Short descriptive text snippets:
============================================================
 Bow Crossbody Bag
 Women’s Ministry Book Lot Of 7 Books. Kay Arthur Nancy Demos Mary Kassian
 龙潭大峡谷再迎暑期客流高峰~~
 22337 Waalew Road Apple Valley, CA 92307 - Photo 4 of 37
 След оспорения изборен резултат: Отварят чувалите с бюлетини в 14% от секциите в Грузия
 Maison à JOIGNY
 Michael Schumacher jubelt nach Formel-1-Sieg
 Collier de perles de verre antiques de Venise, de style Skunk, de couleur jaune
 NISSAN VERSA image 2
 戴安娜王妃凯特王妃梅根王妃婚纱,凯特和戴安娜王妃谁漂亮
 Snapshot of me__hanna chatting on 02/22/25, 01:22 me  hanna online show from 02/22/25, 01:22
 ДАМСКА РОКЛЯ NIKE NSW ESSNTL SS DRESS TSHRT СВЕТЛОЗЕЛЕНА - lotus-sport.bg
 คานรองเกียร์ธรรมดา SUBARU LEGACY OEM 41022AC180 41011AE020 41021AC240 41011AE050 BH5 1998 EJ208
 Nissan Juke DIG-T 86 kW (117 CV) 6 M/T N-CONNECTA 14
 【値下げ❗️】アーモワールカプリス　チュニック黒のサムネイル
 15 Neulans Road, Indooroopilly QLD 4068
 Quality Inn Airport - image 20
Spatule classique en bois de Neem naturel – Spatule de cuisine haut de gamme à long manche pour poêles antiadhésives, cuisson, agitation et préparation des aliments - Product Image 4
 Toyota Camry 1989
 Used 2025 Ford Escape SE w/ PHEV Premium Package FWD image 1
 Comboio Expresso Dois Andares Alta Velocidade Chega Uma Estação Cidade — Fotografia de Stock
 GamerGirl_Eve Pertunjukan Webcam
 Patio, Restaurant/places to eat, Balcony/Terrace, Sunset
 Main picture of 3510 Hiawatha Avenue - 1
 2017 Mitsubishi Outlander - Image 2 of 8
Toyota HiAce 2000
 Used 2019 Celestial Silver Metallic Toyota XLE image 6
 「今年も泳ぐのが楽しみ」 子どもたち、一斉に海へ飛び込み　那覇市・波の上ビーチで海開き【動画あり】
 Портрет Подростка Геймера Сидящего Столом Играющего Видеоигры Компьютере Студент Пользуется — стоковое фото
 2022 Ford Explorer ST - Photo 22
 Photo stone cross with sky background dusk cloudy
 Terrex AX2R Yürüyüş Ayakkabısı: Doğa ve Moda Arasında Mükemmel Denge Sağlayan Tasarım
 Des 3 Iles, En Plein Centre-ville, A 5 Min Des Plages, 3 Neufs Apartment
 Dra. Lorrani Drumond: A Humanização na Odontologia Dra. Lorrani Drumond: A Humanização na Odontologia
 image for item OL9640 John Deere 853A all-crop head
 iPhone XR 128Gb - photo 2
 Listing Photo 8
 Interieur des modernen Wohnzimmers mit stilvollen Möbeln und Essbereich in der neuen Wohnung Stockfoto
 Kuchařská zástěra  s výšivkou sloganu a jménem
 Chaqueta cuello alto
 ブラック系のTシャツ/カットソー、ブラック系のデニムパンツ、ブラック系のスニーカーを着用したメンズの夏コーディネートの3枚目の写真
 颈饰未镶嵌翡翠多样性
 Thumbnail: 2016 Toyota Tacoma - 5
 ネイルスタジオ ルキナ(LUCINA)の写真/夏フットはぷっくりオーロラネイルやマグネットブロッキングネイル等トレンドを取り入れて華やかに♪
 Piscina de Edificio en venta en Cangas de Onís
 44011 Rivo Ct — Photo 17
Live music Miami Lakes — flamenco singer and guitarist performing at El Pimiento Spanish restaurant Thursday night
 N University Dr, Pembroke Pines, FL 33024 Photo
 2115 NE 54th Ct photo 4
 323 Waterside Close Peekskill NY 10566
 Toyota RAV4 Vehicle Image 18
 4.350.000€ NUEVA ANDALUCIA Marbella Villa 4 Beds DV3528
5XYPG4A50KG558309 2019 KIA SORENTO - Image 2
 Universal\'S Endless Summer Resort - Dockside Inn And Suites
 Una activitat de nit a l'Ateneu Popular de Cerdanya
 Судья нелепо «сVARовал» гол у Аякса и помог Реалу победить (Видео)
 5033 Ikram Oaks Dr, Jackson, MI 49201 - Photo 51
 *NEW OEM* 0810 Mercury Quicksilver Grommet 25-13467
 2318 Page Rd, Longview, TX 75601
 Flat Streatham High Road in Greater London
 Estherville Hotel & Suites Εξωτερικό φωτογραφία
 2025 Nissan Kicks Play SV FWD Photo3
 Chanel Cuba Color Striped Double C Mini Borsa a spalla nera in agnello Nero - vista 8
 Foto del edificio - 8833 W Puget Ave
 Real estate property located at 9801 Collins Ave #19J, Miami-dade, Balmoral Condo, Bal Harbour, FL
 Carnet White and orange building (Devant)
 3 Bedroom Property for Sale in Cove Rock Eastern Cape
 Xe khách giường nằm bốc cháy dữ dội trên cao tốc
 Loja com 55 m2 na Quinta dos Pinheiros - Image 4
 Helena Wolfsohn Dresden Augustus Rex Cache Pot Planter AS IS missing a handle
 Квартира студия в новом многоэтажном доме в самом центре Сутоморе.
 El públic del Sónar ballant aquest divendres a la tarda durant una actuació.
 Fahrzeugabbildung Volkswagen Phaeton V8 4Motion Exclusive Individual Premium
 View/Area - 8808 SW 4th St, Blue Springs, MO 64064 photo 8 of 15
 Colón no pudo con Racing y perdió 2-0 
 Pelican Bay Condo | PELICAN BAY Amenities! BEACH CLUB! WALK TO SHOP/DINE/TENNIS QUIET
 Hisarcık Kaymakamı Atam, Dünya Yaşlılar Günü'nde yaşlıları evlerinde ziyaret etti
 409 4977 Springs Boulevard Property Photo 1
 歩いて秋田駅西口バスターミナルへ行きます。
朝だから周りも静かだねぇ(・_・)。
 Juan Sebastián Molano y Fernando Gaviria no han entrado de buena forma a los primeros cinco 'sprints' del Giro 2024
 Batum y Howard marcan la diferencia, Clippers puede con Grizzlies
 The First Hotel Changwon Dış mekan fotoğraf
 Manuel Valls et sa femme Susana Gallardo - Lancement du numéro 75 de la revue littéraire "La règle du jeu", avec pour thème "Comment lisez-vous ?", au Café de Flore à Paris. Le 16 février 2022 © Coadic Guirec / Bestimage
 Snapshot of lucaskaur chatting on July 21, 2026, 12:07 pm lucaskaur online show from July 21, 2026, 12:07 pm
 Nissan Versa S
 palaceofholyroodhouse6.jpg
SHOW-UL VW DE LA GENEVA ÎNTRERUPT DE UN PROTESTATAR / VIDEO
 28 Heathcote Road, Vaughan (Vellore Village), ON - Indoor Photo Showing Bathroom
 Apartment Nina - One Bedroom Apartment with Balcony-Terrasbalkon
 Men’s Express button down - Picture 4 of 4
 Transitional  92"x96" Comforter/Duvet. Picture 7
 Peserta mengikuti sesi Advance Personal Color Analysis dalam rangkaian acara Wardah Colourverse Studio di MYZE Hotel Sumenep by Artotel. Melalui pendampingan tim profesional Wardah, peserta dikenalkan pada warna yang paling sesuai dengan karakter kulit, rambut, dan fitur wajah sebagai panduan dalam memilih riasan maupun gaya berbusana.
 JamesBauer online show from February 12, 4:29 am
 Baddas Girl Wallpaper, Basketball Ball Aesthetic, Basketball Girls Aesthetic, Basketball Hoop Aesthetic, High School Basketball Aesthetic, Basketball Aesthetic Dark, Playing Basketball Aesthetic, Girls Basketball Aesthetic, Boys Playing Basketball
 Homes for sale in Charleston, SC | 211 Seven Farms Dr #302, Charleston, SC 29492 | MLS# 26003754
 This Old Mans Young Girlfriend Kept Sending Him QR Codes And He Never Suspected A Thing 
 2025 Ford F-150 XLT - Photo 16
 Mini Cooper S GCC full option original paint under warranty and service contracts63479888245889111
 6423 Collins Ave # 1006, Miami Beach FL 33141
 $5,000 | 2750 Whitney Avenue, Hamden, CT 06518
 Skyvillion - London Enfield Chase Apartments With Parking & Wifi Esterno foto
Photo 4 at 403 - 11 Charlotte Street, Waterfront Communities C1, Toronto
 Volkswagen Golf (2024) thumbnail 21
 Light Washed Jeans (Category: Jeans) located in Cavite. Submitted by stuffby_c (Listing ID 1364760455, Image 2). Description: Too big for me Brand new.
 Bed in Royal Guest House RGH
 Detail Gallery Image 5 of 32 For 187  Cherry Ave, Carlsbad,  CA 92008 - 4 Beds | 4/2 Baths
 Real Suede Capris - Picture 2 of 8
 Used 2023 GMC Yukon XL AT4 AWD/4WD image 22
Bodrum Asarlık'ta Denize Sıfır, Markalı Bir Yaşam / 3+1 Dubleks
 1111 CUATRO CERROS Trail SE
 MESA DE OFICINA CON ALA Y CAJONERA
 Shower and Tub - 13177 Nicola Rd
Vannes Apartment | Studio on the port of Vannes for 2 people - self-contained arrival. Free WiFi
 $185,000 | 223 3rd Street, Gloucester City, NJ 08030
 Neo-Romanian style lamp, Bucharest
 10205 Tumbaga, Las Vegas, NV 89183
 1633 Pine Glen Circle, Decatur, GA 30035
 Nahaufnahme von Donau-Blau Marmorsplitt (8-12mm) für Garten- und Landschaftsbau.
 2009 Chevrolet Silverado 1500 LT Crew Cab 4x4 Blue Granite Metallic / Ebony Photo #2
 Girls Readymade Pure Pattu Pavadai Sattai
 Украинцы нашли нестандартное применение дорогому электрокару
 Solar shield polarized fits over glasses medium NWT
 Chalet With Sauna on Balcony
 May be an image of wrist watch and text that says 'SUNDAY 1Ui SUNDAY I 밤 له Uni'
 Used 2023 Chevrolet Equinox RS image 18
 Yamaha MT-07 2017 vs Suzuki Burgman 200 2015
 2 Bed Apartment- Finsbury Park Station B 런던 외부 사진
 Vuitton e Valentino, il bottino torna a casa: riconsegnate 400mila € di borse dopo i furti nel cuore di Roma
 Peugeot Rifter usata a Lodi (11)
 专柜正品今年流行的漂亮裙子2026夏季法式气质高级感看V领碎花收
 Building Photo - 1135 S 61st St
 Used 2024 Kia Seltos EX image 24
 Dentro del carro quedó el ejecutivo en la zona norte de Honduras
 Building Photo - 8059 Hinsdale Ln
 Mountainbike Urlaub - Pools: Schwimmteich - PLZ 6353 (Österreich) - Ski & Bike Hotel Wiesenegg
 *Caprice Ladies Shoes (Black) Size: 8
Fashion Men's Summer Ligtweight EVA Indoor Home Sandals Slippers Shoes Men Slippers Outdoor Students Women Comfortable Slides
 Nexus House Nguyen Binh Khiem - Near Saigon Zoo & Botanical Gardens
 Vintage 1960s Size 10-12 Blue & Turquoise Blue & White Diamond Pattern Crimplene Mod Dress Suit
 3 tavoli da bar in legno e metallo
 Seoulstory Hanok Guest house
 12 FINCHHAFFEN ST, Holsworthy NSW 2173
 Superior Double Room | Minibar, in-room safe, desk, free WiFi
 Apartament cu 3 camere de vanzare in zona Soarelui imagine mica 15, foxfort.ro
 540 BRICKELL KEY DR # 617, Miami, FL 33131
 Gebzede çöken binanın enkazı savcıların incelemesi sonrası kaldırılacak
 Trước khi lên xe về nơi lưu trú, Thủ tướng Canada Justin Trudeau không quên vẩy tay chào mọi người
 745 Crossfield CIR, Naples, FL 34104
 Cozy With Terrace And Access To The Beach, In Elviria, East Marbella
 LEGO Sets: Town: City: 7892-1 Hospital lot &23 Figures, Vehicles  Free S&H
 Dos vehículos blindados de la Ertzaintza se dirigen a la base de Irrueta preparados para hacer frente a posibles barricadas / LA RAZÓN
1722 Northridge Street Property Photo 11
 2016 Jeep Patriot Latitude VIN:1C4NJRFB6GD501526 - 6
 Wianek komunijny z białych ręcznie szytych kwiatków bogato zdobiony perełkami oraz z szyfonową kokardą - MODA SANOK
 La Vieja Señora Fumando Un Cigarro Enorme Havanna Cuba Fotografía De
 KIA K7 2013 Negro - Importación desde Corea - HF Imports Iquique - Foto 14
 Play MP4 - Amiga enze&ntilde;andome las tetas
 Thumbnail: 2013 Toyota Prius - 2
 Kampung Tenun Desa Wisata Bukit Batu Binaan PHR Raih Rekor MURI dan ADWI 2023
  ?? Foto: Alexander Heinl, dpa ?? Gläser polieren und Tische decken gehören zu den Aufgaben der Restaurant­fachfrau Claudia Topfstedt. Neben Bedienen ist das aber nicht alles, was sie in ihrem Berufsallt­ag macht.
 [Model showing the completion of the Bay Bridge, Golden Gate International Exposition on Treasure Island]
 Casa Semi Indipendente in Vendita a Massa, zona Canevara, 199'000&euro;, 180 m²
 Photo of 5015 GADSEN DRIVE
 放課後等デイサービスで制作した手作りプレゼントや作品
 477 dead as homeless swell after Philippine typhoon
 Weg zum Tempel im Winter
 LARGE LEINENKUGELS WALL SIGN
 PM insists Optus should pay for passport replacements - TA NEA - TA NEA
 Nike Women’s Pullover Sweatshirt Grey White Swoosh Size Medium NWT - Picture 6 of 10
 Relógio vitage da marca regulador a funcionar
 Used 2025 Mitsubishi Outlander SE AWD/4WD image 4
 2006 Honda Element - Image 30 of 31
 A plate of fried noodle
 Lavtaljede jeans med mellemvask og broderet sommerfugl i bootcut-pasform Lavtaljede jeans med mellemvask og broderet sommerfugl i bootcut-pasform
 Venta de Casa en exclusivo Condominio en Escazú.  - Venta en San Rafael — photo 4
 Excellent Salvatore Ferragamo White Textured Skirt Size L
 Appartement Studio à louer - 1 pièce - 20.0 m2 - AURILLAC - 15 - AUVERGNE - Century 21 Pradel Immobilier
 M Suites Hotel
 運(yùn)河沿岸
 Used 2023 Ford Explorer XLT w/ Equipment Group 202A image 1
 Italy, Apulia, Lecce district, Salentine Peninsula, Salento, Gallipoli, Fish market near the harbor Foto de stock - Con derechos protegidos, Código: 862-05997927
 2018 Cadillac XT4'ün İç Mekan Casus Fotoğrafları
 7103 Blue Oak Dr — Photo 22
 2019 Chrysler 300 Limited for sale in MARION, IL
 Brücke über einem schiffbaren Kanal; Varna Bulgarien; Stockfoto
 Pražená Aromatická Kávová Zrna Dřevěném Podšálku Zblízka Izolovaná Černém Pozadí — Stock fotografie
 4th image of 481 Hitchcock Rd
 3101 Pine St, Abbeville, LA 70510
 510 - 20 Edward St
============================================================
Out of the records above, pick each line that contains the string "Bedroom".

Response box:
 3 Bedroom Property for Sale in Cove Rock Eastern Cape
 Apartment Nina - One Bedroom Apartment with Balcony-Terrasbalkon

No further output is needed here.